* DATA SHOWN *
***
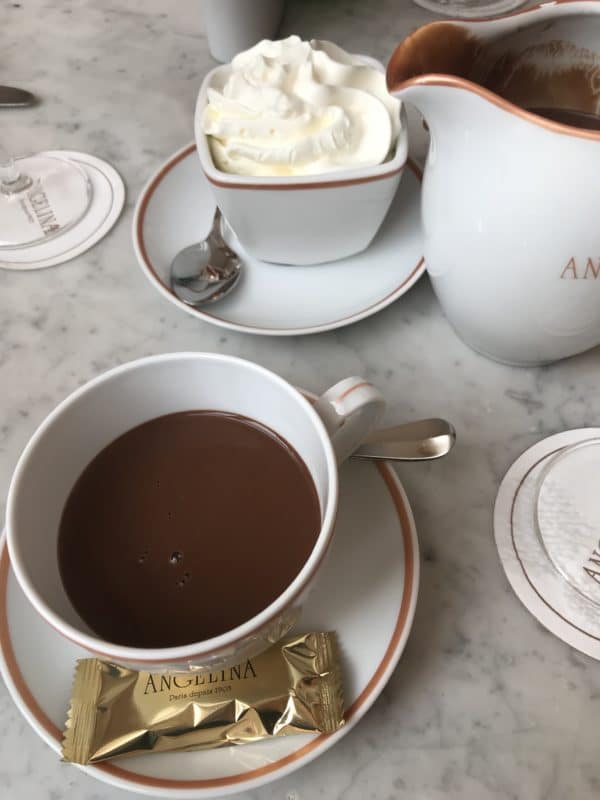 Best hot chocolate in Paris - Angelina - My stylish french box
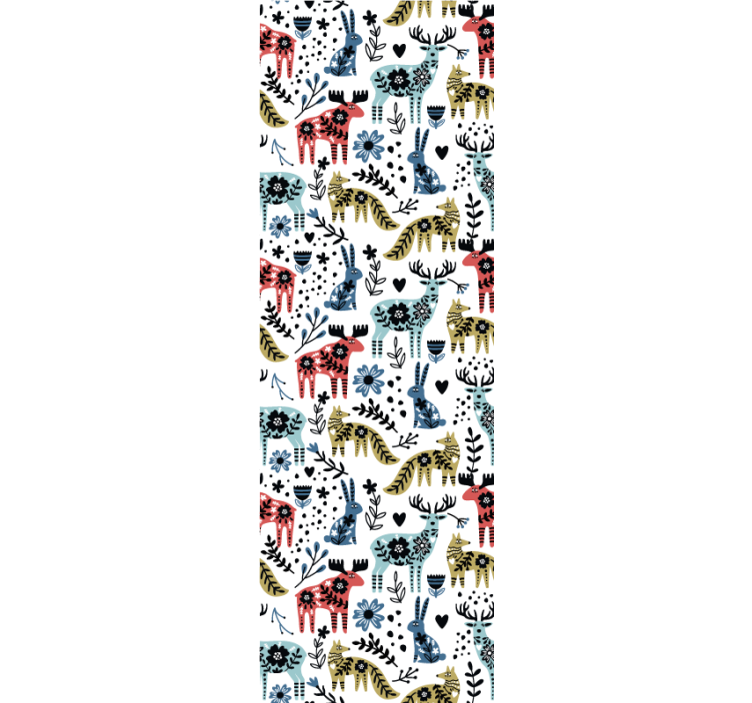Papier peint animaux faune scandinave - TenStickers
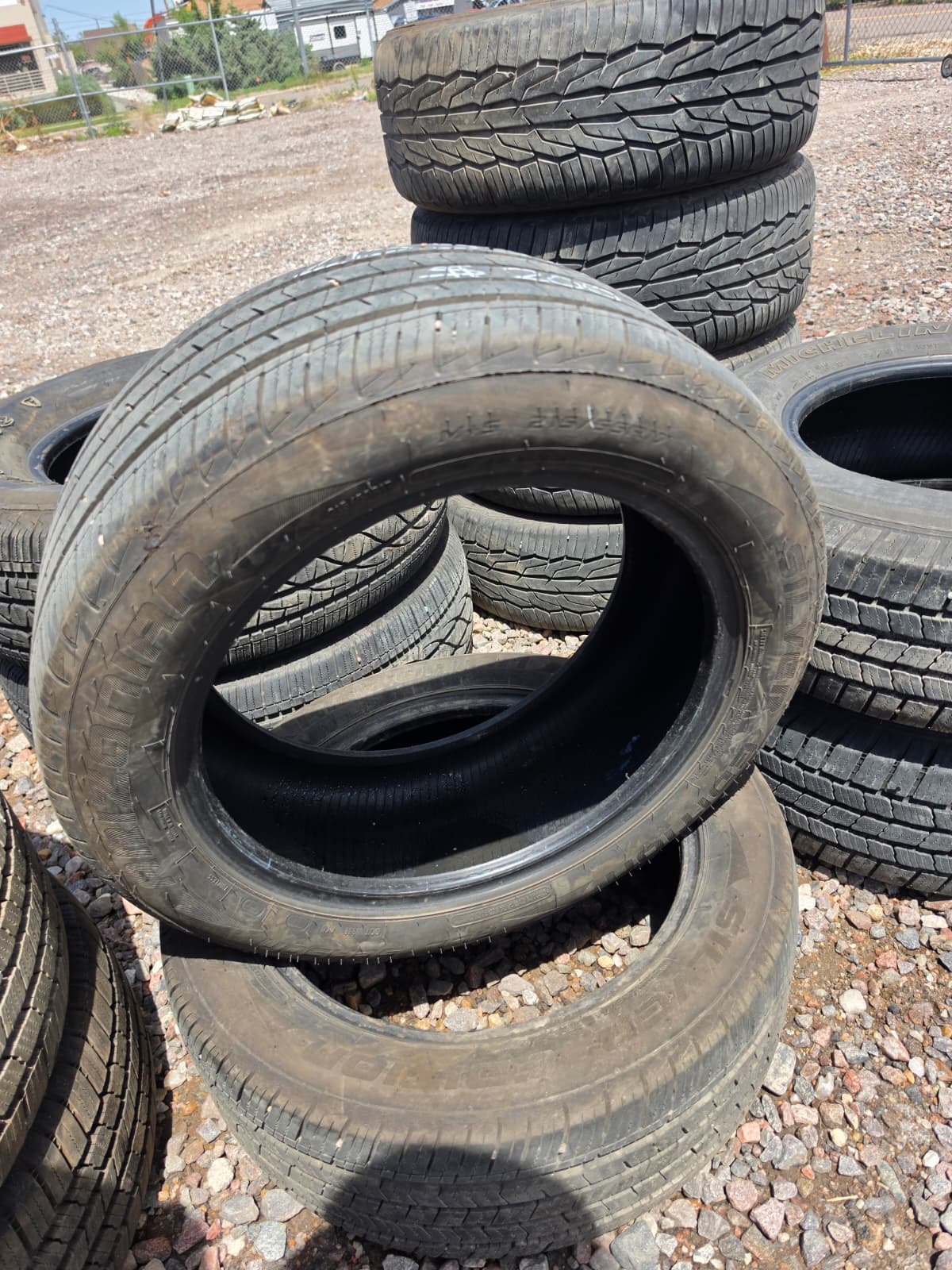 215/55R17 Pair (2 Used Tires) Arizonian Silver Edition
***
* YOUR ASSIGNMENT *
Could you print the material above word for word and skip the images?

* ANSWER SECTION *
 Best hot chocolate in Paris - Angelina - My stylish french box
Papier peint animaux faune scandinave - TenStickers
 215/55R17 Pair (2 Used Tires) Arizonian Silver Edition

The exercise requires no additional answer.